Em 1961 Paraiso já precisava urgentemente de uma escola que pudesse suprir a grande demanda de jovens que crescia em ritmo acelerado e foi assim que Frei Inácio Smith e Madre Verônica Maria, ambos de Cristalândia, resolveram implantar uma escola reunida no povoado a partir de 1o. de março de 1961. Para isso convidaram as professoras Rita Barros Bezerra, Eudete Ribeiro de Araújo e Maria Deusa Alves Moraes, que passaram a dar aulas utilizando a pequena igreja católica, dividida por tecidos para formar as três salas de aula. No ano seguinte recebeu a denominação oficial de Escola Paroquial São José e continuou a ser conduzida por Madre Verônica até 02 de fevereiro de 1963, época em que chegaram os primeiros padres para residirem em Paraíso: Pe.Miguel Kirwan(primeiro vigário e diretor da escola), Pe.Jacó Duggan e Pe.Felipe Hearty. Ainda no âmbito da educação, no início de 1962 chegou por aqui o jovem missionário José Gonçalves de Siqueira, que veio implantar a Igreja Presbiteriana e logo sentiu a necessidade de fundar uma escola, que iniciou as atividades em março daquele ano.

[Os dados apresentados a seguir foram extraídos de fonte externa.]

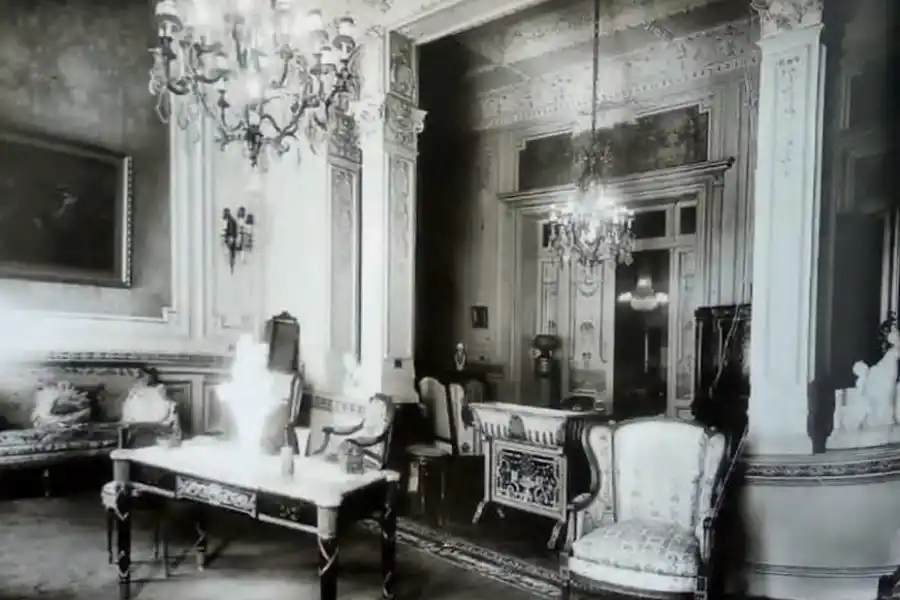 DETALLES. La decoración del hogar tenía una gran influencia francesa.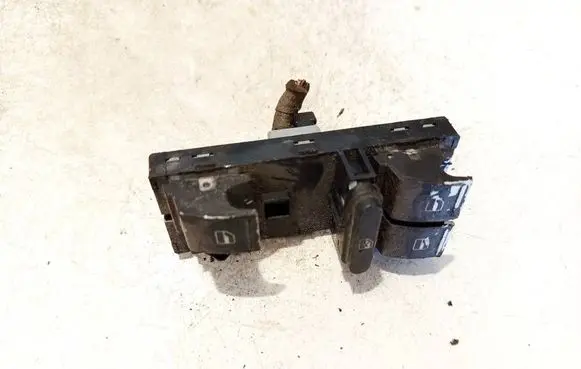 Volkswagen PASSAT B6 Electric window control switch 1k4959857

Em 1961 outro fato importante para Paraíso foi a posse de José de Moraes(Zeca Moraes) como prefeito de Pium, visto que nesta época pertecíamos àquele município e algumas medidas tomadas pelo novo prefeito seriam de grande importância para a nossa história. Logo no início de sua administração, implantou o cadastro dos comerciantes e donos de imóveis no povoado; adquiriu um motor a diesel e instalou o primeiro sistema de energia e iluminação da Av Bernardo Sayão e Rua Tapajós, inaugurado em 17 de janeiro de 1962. No seu discurso durante a inauguração, Zeca prometeu ao povo que faria o possível para emancipar Paraíso, mas para isto acontecer era necessário que antes o mesmo fosse promovido à categoria de distrito e como naquele ano haveria eleições para vereador, ele sugeriu que o povoado lançasse candidatos à câmara municipal de Pium para reforçar a propositura.

Enquanto isto o povoado continuava com um crescimento acelerado, a ponto de em Julho de 1962 já possuir 2.600 habitantes e 500 casas espalhadas pela Av Bernardo Sayão e ruas próximas, além de um movimentado comércio.